About Dr. Jose Mayagoitia Witron
Dr. Mayagoitia is more than a clinical instructor – he is a respected professor of surgery at the Universidad Autonoma Baja California (UABC) and has been teaching medical students for over 20 years. He also teaches surgical residents and has been doing so for over fifteen years. He gives lectures daily at the University, in addition to his busy schedule as the Supervising Surgeon for the Intensive Care Unit at Mexicali General, and private surgical practice (with evening clinic hours).
He speaks in clear, unaccented English (my southern accent is thicker than any accent he might possess) which may be as a result of his fellowship training in San Diego. He completed his general surgery residency right here at Mexicali General after attending UABC).
He remains active in the research community as a supervisor for resident research projects including two ongoing projects worthy of note: a new study looking at the treatment of open abdomens, (from massive trauma, infection, etc.) and a study looking at the early initiation of enteral feedings versus delayed (72 hours or greater) in surgical intensive care patients.
He, along with his wife, Gisela Ponce y Ponce de León, MD, PhD (a family medicine physician and instructor at the UABC nursing school) recently presented a paper on obesity research in Barcelona, Spain.
He does all of this in addition to a steady diet of general surgery (cholecystectomies, appendectomies, bowel surgery (such as resections) and the occasional bariatric surgery. As one of the lead surgeons at a major trauma hospital** – he also sees a considerable amount of emergency and trauma cases.
He reports that on the last – bariatric surgery, he has mixed feelings.
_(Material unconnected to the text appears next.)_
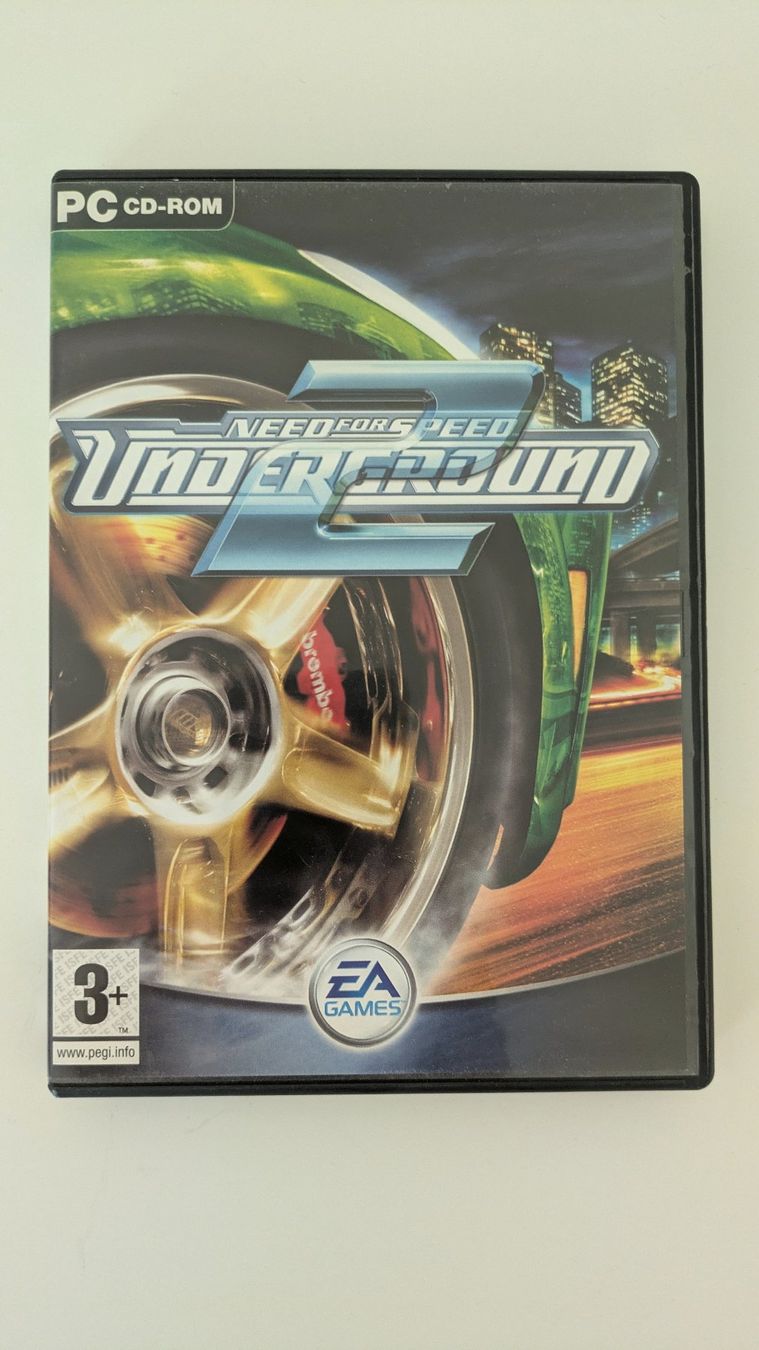 Jeux: Need for Speed Underground 2 per PC – Neuf (Voir description) à Biasca par TheSeo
While it has become a popular staple for the treatment of obesity and obesity-related complications – he questions it’s role in a society that steadfastedly ignores the causes. “I wonder if we will look back one day and realize that we [surgery] did a real disservice to our patients by doing so much of this.” So, while he does perform some bariatric procedures, he is very selective in his patients. “It’s not a quick -fix, and they are going to be dealing with this [changes from bariatric surgery] for the rest of their lives so they [patients] need to understand that it’s a lifelong endeavor.” When he does perform bariatric procedures, he prefers the gastric sleeve, which he believes is more effective [than lap-band, and smaller procedures] but less devastating in terms of complications and dramatic life alterations.
Dr. Jose Mayagoitia Witron, MD, FACS
General surgeon, Fellow in the American College of Surgeons
Av. Reforma 1061 – 6
Mexicali, B. C.
Tele: 686 552 2400
** He reports that Mexicali General, as a public facility, sees about 80% of all traumas in the area.